Jacob Maniti

Personal information
- Full name: Jacob Francis Mariona Maniti
- Date of birth: 16 October 2002 (age 23)
- Place of birth: Wetherill Park, Australia
- Height: 1.72 m (5 ft 8 in)
- Position: Central midfielder

Team information
- Current team: Blacktown City
- Number: 22

Youth career
- 2010–2013: NSW South South Team
- 2013–2014: Marconi Stallions
- 2014–2015: Mounties Wanderers
- 2015–2017: Mt Druitt Town Rangers
- 2018–2020: Melbourne Victory

Senior career*
- Years: Team / Apps / (Gls)
- 2020–2021: Blacktown City / 1 / (0)
- 2021–2022: Bulls FC Academy / 2 / (0)
- 2022–2023: ADT / 8 / (2)
- 2023: Hobro IK II
- 2023–: Blacktown City / 23 / (0)

International career
- 2016: Philippines U14
- 2018: Philippines U16
- 2019: Philippines U19
- 2022–2023: Philippines U23 / 6 / (0)

= Jacob Maniti =

Filipino footballer (born 2002)

Jacob Maniti (born 16 October 2002) is a Filipino professional footballer who plays as a central midfielder for National Premier Leagues NSW club Blacktown City. Born in Australia, he represented the Philippines at youth international level.

==Career==
Born in Western Sydney to parents of Filipino and El Salvador heritage he was signed to the academy of A-League Men club Melbourne Victory, following strong performances as a young player in local district competitions.

Maniti would travel to the Philippines and represent the Azkals Development Team in the Philippines Football League, where his first goal would be a penalty against Maharlika Taguig, which rescued the Azkals a 1–1 draw.

Following a short term move to Hobro IK, Maniti returned to Australia and re-signed with Blacktown City in the NPL1 for the 2024 National Premier Leagues NSW season.

==International career==
Due to his heritage, Maniti is eligible to represent Australia, El Salvador and the Philippines.
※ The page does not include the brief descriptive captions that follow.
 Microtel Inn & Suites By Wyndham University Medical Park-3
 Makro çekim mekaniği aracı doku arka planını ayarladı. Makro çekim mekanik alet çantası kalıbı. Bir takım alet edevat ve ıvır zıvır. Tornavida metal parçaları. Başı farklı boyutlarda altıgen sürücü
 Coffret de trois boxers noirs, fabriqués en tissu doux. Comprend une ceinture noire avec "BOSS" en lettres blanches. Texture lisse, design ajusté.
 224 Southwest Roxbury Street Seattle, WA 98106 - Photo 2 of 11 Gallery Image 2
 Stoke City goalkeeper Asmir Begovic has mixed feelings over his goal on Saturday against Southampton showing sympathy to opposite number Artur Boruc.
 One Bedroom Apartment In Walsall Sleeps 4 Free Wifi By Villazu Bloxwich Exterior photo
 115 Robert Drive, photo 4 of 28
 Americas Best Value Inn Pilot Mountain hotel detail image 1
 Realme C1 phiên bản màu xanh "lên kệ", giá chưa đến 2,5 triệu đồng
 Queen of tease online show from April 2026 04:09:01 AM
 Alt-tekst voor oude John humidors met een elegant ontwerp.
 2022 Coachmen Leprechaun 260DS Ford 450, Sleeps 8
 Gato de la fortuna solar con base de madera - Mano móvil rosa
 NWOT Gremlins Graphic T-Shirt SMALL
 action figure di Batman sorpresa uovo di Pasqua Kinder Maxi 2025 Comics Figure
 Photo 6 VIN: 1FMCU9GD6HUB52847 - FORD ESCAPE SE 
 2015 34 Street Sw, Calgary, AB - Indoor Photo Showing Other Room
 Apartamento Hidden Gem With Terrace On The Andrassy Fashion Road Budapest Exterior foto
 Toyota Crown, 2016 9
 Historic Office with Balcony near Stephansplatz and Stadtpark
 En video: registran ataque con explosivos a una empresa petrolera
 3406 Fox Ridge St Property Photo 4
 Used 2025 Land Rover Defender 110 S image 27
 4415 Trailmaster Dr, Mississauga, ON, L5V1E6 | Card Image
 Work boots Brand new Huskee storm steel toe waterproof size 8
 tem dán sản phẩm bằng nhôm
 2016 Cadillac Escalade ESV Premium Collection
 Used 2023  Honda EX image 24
He was called up to the ASEAN U-19 Boys Championship while with the Melbourne Victory academy.

Maniti was called up to the Philippines U-23s for the 2022 AFF U-23 Championship.

==Personal life==
Maniti is the brother of Philippines women's national football team player Chantelle Maniti and Philippines national under-16 football team player Michael Maniti.